Operation Stack: Stanford villagers to fight lorry park plan
- Published
Residents have vowed to fight plans to build a lorry park near their village which aims to deal with the disruption caused in Kent by Operation Stack.
Two potential sites, both north of the M20 at junction 11, near Stanford and Westenhanger, were unveiled on 11 December by Highways England.
Villagers in Stanford voted to try and buy land at one site to delay the plans, at a parish council meeting.
A public consultation on the lorry park proposals runs until 25 January.
Operation Stack - which involves parking lorries on the M20 during cross-Channel disruption - was used 32 times last summer, following strikes by French ferry workers, migrant activity disrupting cross-Channel rail operations and causing congestion across the Kent road network.
'Delay the work'
Matthew Webb, chair of Stanford Parish Council said the village was concerned about the impact of "a 4000 lorry park on its doorstep" and 70 people at the meeting "voted unanimously to offer to buy the farmland from the owner if he was willing to sell".
"If it forces it down the compulsory purchase [route] it is a lengthy process and they cannot shortcut that and it would delay the work."
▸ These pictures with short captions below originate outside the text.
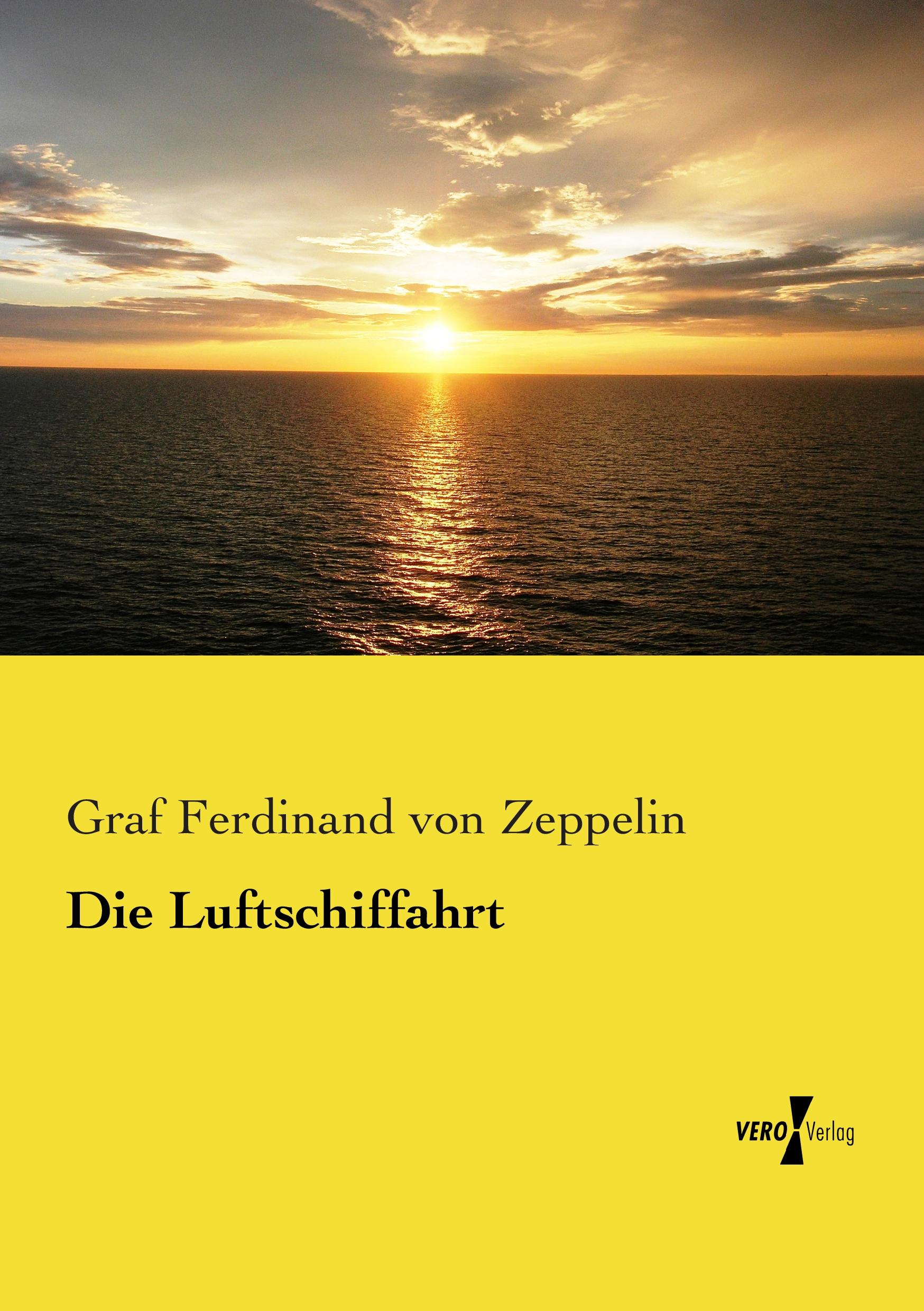 Vorderes Coverbild Die Luftschiffahrt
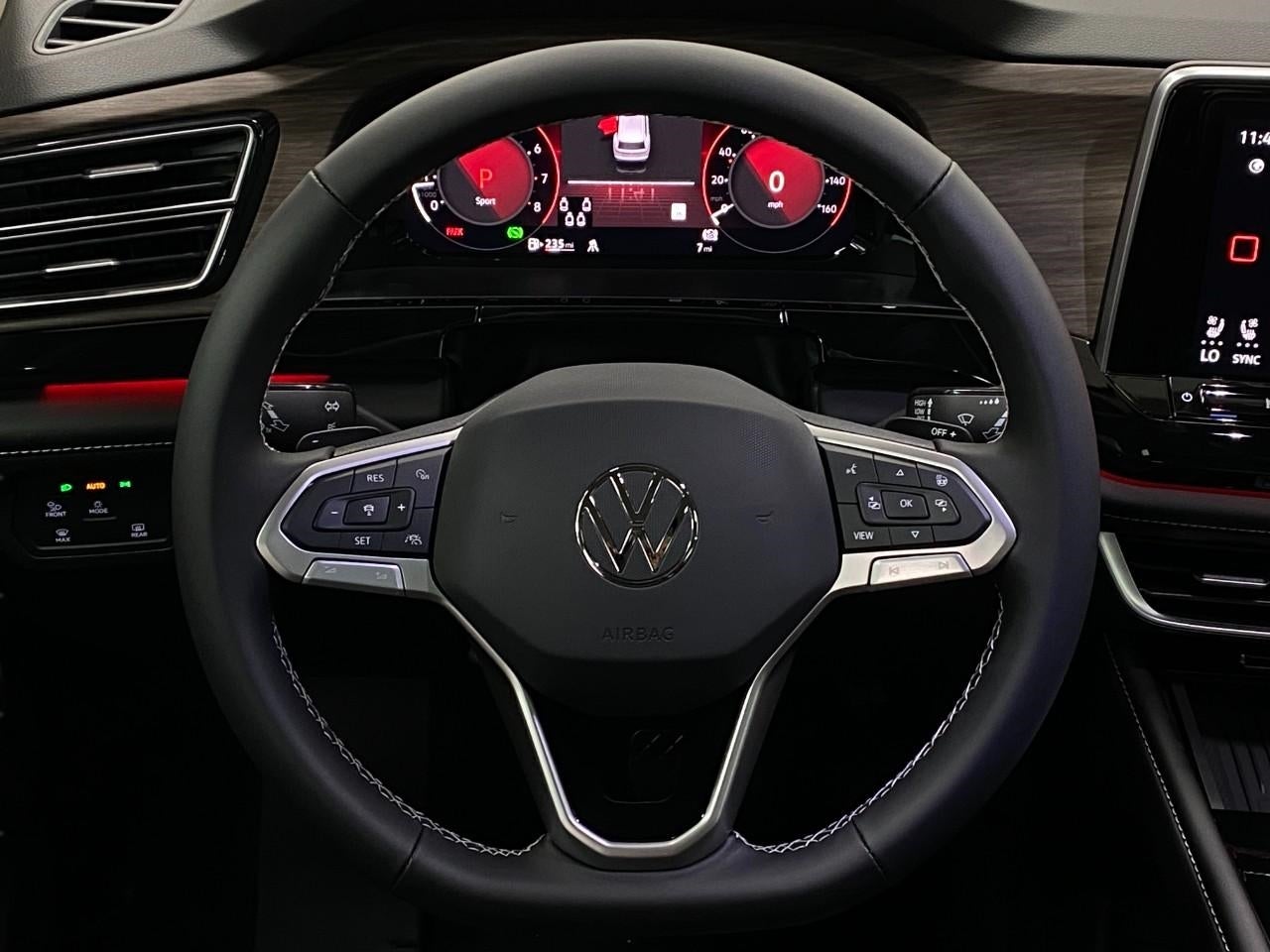 2026 Volkswagen Atlas 2.0T SEL 4MOTION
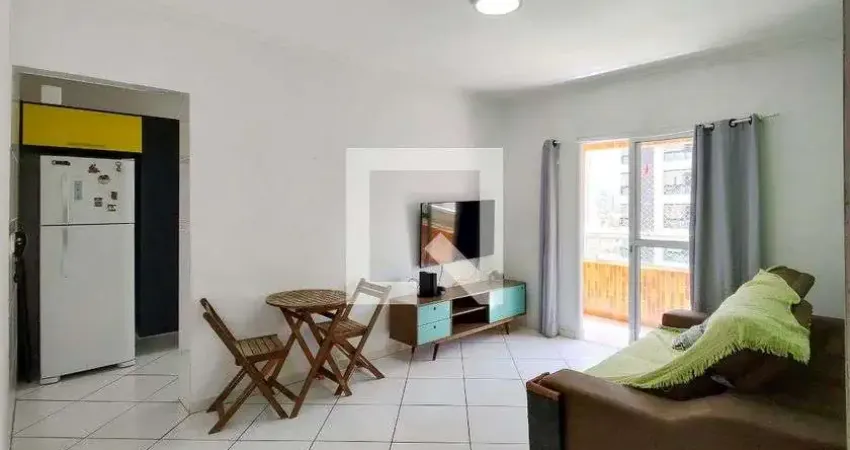 Apartamento para Aluguel - Canto do Forte, 1 Quarto,  48 m² - Praia Grande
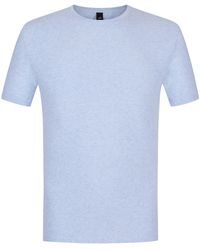 Wahts Woods T-Shirt - Blau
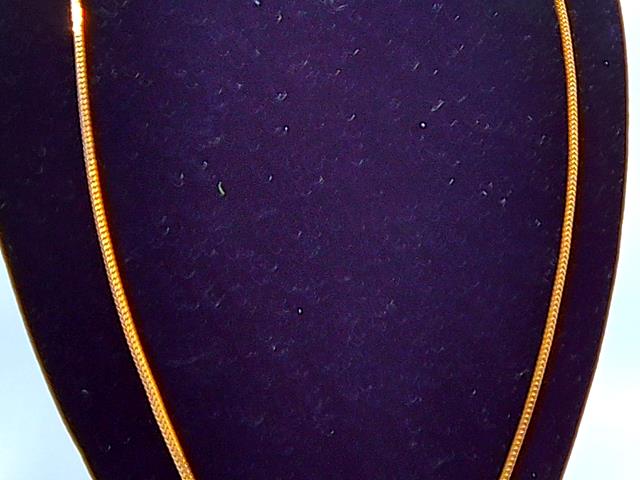 CHAINE EN OR 10KT NEW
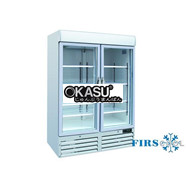 Tủ đông đứng 2 cánh kính Firscool G-D930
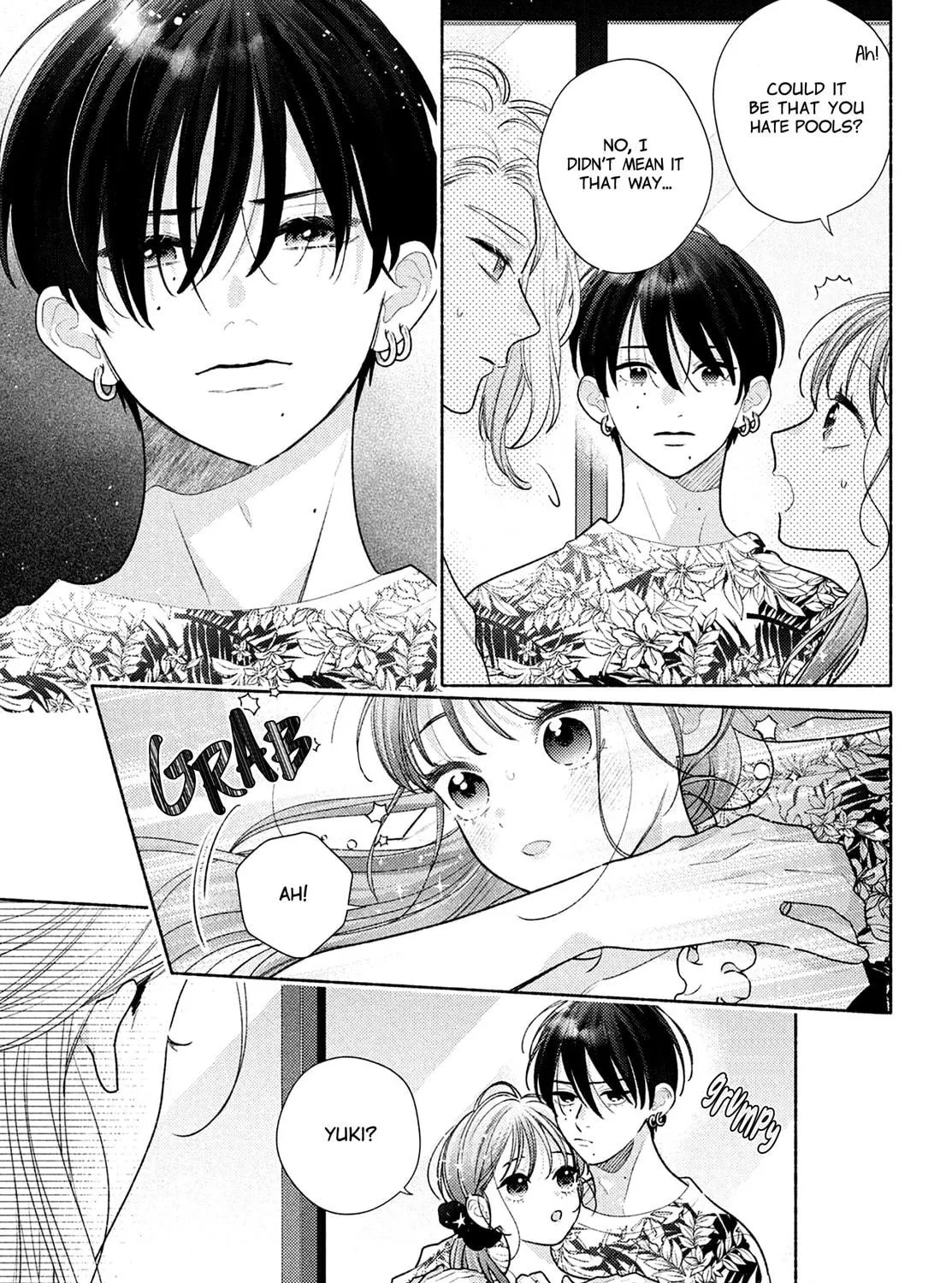 Hana ni Kamiguse Chapter 13 page 9 - 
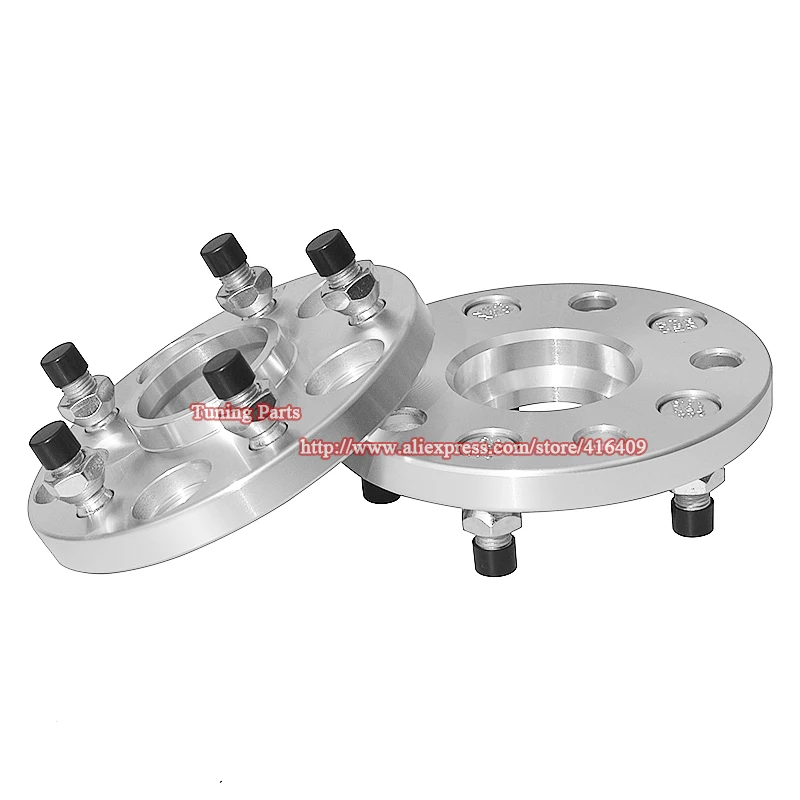 PCD 5X115 CB 70.3 mm Thick 25mm Aluminum Sport Car Wheel Spacers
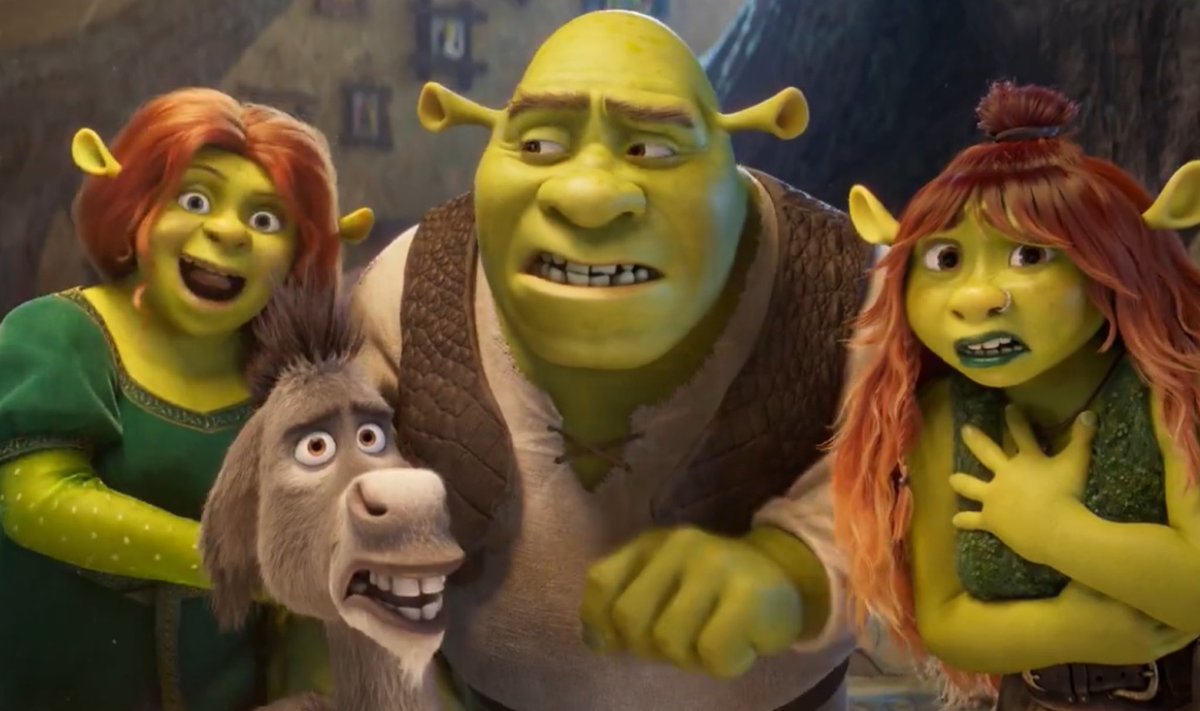 poptime's tweet photo. 🚨 “Shrek 5” foi ADIADO de dezembro de 2026 para junho de 2027. https://t.co/8QD8NkbDtq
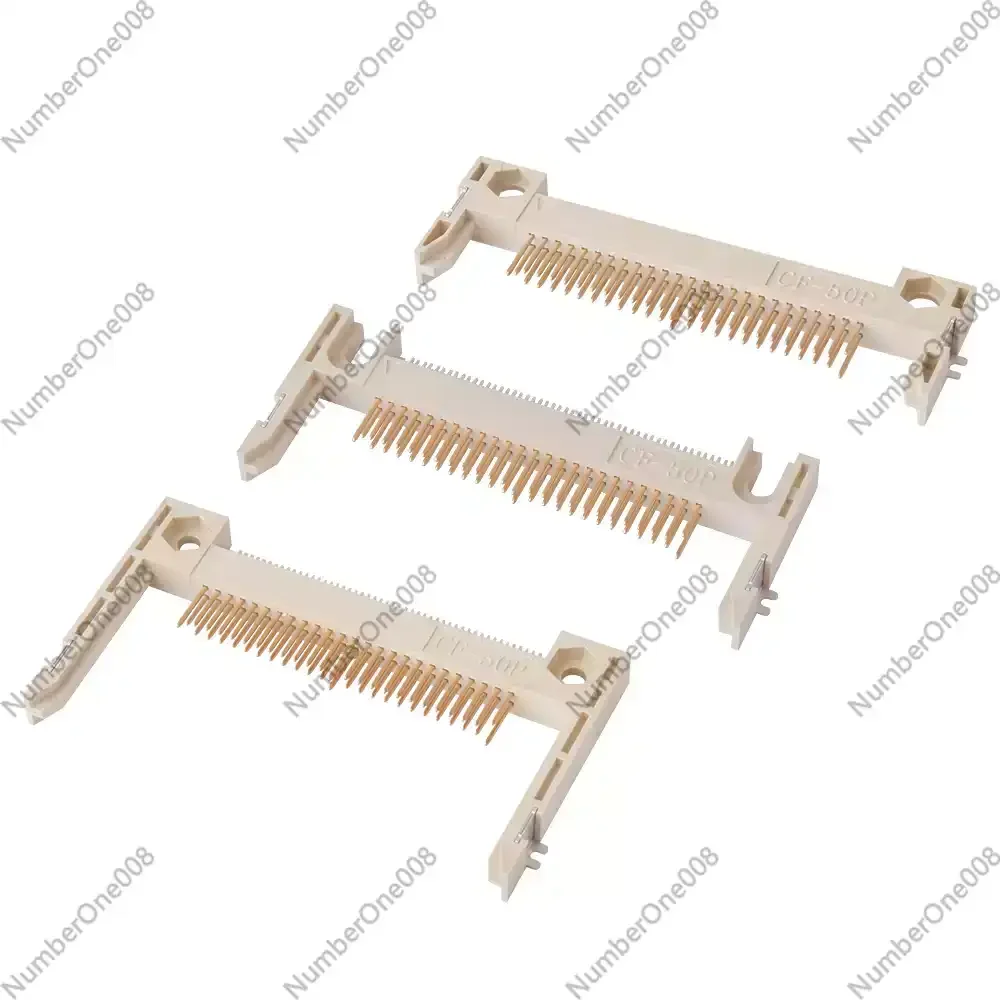 100pcs-cf-card-holder-50pin-arm-length-1375-190-269mm-patch-type-card-slot-connector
"We welcome an effective solution to Operation Stack but this scheme isn't it," he added.
"This proposed lorry park is merely addressing a symptom of Operation Stack, not its underlying causes, which are the industrial action by French ferry workers and migrant incursions into the Channel Tunnel in France which are impacting us in the UK.
"We need to look at sensible sites for a distributed network of smaller lorry parks along the routes of the M2/A2 corridor as well as M26.
Chancellor George Osborne has allocated £250m to pay for a lorry park.
Highways England said a permanent site could "help significantly reduce the likelihood of having to close the M20 in the future" and improve facilities for lorries across the county in general.
Its plans were welcomed by the leader of Shepway District Council, David Monk, who said Operation Stack had "caused misery" for more than 20 years.
The BBC has not been able to contact the owner of the farmland Stanford villagers hope to buy.